WORK ITEM:
Beginning with the line that contains "811796 Afbeelding van", output each line below exactly through the last one, both included, and nothing else.

DATASET:
=-=-=-=-=
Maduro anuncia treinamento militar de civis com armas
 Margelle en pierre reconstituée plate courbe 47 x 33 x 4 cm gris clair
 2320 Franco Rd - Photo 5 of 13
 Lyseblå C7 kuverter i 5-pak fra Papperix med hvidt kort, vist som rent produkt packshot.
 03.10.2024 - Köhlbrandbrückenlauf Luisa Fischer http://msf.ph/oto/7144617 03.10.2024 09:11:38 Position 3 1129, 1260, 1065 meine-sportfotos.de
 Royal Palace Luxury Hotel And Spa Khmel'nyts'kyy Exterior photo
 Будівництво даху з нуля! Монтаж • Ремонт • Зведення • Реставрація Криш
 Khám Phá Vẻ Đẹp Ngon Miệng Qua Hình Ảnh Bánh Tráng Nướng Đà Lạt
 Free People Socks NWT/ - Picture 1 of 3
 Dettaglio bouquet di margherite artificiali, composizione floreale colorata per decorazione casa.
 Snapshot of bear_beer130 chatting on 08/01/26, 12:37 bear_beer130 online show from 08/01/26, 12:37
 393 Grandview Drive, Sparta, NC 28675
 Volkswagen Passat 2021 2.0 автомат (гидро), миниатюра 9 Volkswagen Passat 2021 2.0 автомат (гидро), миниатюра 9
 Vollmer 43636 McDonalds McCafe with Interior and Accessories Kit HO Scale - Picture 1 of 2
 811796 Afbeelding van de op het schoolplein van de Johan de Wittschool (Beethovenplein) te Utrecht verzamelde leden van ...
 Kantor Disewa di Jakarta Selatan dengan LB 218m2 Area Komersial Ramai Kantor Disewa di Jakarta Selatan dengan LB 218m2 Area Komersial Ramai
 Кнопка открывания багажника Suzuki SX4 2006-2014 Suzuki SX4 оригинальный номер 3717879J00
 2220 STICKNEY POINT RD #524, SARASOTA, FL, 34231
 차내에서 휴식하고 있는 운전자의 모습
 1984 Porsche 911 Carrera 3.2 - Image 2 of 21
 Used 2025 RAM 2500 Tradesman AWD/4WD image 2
=-=-=-=-=
SOLVED EXERCISE:
 811796 Afbeelding van de op het schoolplein van de Johan de Wittschool (Beethovenplein) te Utrecht verzamelde leden van ...
 Kantor Disewa di Jakarta Selatan dengan LB 218m2 Area Komersial Ramai Kantor Disewa di Jakarta Selatan dengan LB 218m2 Area Komersial Ramai
 Кнопка открывания багажника Suzuki SX4 2006-2014 Suzuki SX4 оригинальный номер 3717879J00
 2220 STICKNEY POINT RD #524, SARASOTA, FL, 34231
 차내에서 휴식하고 있는 운전자의 모습
 1984 Porsche 911 Carrera 3.2 - Image 2 of 21
 Used 2025 RAM 2500 Tradesman AWD/4WD image 2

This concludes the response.